(Data entries)
━━━━━━━━
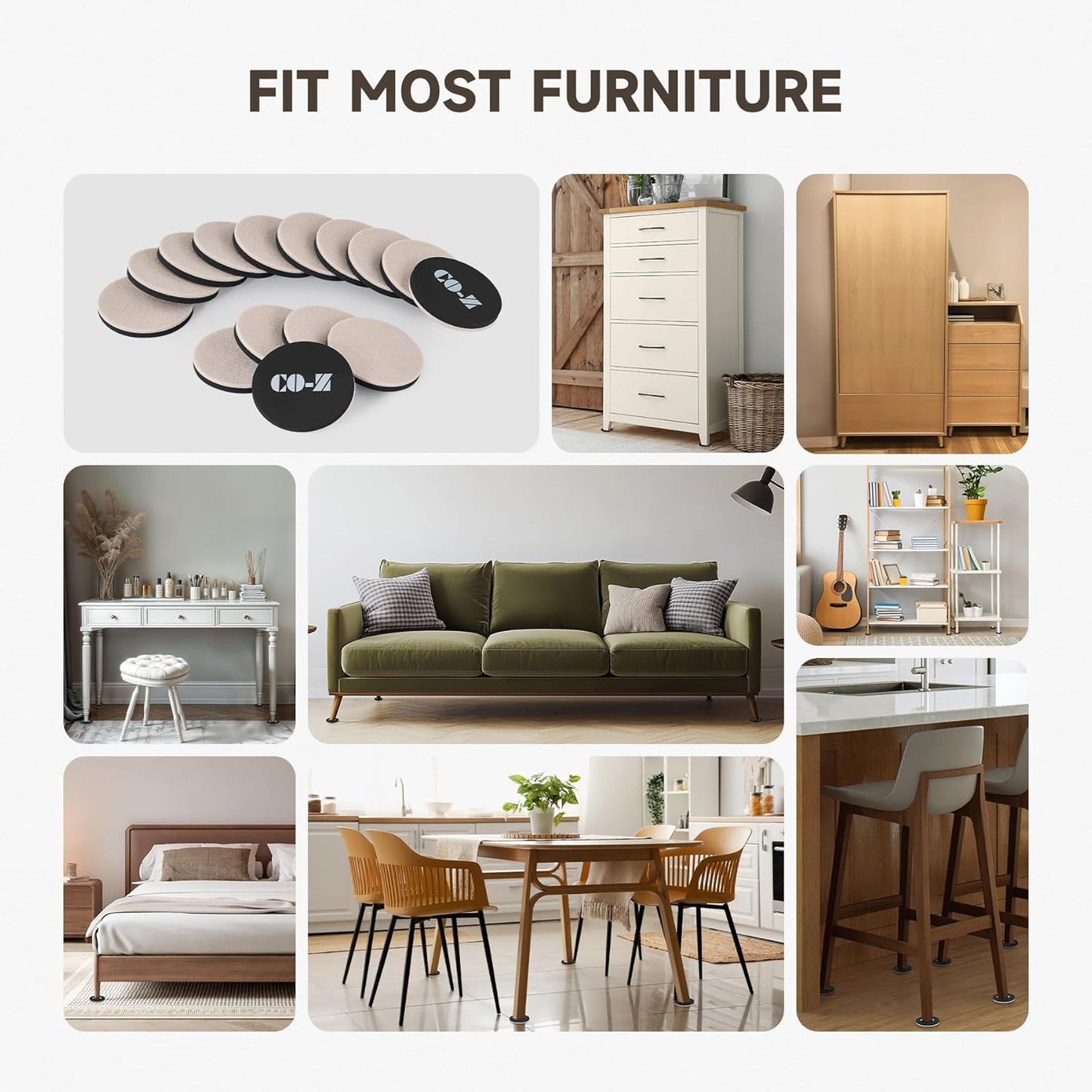 CO-Z 16pcs Felt Furniture Sliders for Hardwood Floors, 3 1/2 in Reusable Furniture Pads, Heavy Furniture Movers Sliders for Hard Surfaces, Thick Moving Pads Floor Protectors for Vinyl Tile Floors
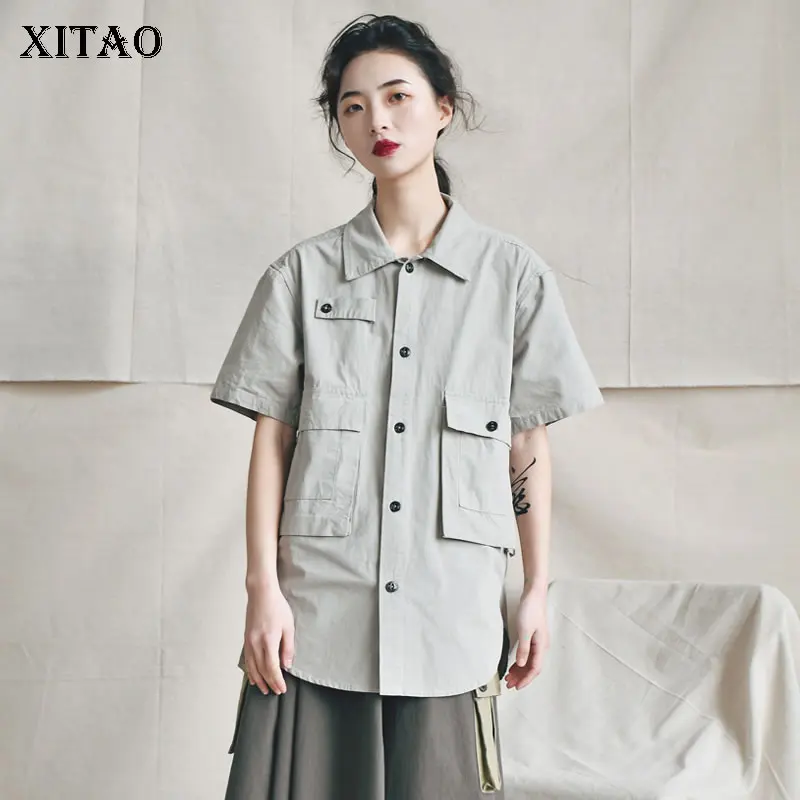 XITAO Wild Joker винтажная блузка женская одежда 2019 отложной воротник карман одна грудь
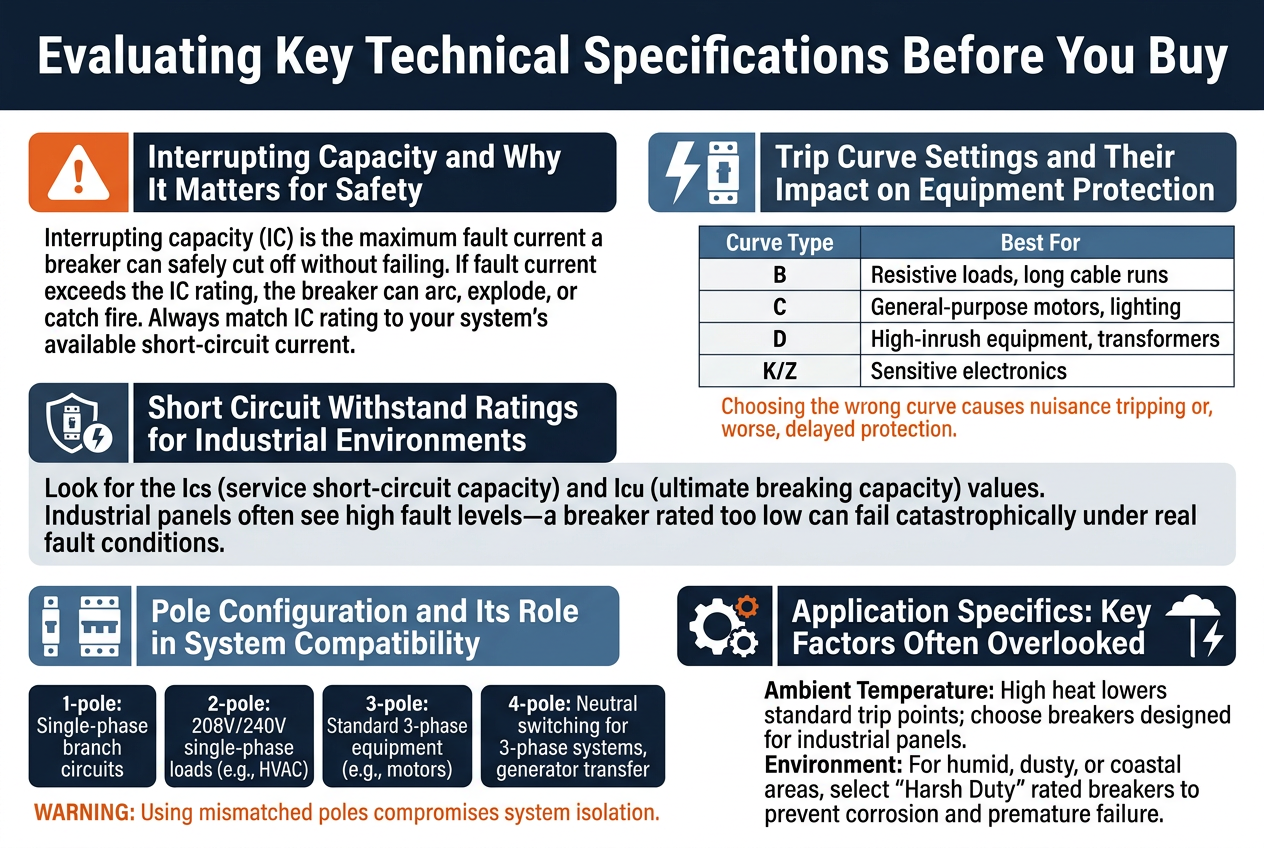 Create a clean professional infographic in a 3:2 aspect ratio, full-bleed layout with no border, no poster frame, and no large empty margins. Use a modern industrial style with dark navy, steel blue, white, and orange safety accents. Use bold sans-serif typography, strong hierarchy, and clear section blocks arranged in a wide 2-row layout with multiple columns instead of a vertical stack.
Top header spanning full width:
Bold title in large white text on a dark navy bar: "Evaluating Key Technical Specifications Before You Buy"
Below the title, arrange five wide horizontal sections or card blocks across the canvas with matching icons, each with a colored label bar, concise body text, and clean spacing.
Section 1 at upper left:
Orange warning triangle icon.
Heading: "Interrupting Capacity and Why It Matters for Safety"
Body text: "Interrupting capacity (IC) is the maximum fault current a breaker can safely cut off without failing. If fault current exceeds the IC rating, the breaker can arc, explode, or catch fire. Always match IC rating to your system's available short-circuit current."
Section 2 at upper center-right:
Blue lightning bolt and breaker icon.
Heading: "Trip Curve Settings and Their Impact on Equipment Protection"
Include a small 2-column mini-table with visible grid lines:
Column headers: "Curve Type" and "Best For"
Rows:
"B" — "Resistive loads, long cable runs"
"C" — "General-purpose motors, lighting"
"D" — "High-inrush equipment, transformers"
"K/Z" — "Sensitive electronics"
Add a small note beneath in orange text: "Choosing the wrong curve causes nuisance tripping or, worse, delayed protection."
Section 3 across lower left:
Industrial shield icon with a breaker symbol.
Heading: "Short Circuit Withstand Ratings for Industrial Environments"
Body text: "Look for the Ics (service short-circuit capacity) and Icu (ultimate breaking capacity) values. Industrial panels often see high fault levels—a breaker rated too low can fail catastrophically under real fault conditions."
Section 4 lower middle:
Four pole configuration icons shown as small breaker diagrams labeled clearly.
Heading: "Pole Configuration and Its Role in System Compatibility"
Four compact labeled blocks:
"1-pole: Single-phase branch circuits"
"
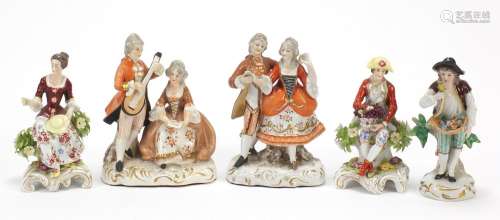 Five Continental porcelain figures/groups including two pair...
━━━━━━━━
Output every line of the records exactly, excluding all pictures.

Reply to the exercise.
 CO-Z 16pcs Felt Furniture Sliders for Hardwood Floors, 3 1/2 in Reusable Furniture Pads, Heavy Furniture Movers Sliders for Hard Surfaces, Thick Moving Pads Floor Protectors for Vinyl Tile Floors
 XITAO Wild Joker винтажная блузка женская одежда 2019 отложной воротник карман одна грудь
 Create a clean professional infographic in a 3:2 aspect ratio, full-bleed layout with no border, no poster frame, and no large empty margins. Use a modern industrial style with dark navy, steel blue, white, and orange safety accents. Use bold sans-serif typography, strong hierarchy, and clear section blocks arranged in a wide 2-row layout with multiple columns instead of a vertical stack.
Top header spanning full width:
Bold title in large white text on a dark navy bar: "Evaluating Key Technical Specifications Before You Buy"
Below the title, arrange five wide horizontal sections or card blocks across the canvas with matching icons, each with a colored label bar, concise body text, and clean spacing.
Section 1 at upper left:
Orange warning triangle icon.
Heading: "Interrupting Capacity and Why It Matters for Safety"
Body text: "Interrupting capacity (IC) is the maximum fault current a breaker can safely cut off without failing. If fault current exceeds the IC rating, the breaker can arc, explode, or catch fire. Always match IC rating to your system's available short-circuit current."
Section 2 at upper center-right:
Blue lightning bolt and breaker icon.
Heading: "Trip Curve Settings and Their Impact on Equipment Protection"
Include a small 2-column mini-table with visible grid lines:
Column headers: "Curve Type" and "Best For"
Rows:
"B" — "Resistive loads, long cable runs"
"C" — "General-purpose motors, lighting"
"D" — "High-inrush equipment, transformers"
"K/Z" — "Sensitive electronics"
Add a small note beneath in orange text: "Choosing the wrong curve causes nuisance tripping or, worse, delayed protection."
Section 3 across lower left:
Industrial shield icon with a breaker symbol.
Heading: "Short Circuit Withstand Ratings for Industrial Environments"
Body text: "Look for the Ics (service short-circuit capacity) and Icu (ultimate breaking capacity) values. Industrial panels often see high fault levels—a breaker rated too low can fail catastrophically under real fault conditions."
Section 4 lower middle:
Four pole configuration icons shown as small breaker diagrams labeled clearly.
Heading: "Pole Configuration and Its Role in System Compatibility"
Four compact labeled blocks:
"1-pole: Single-phase branch circuits"
"
 Five Continental porcelain figures/groups including two pair...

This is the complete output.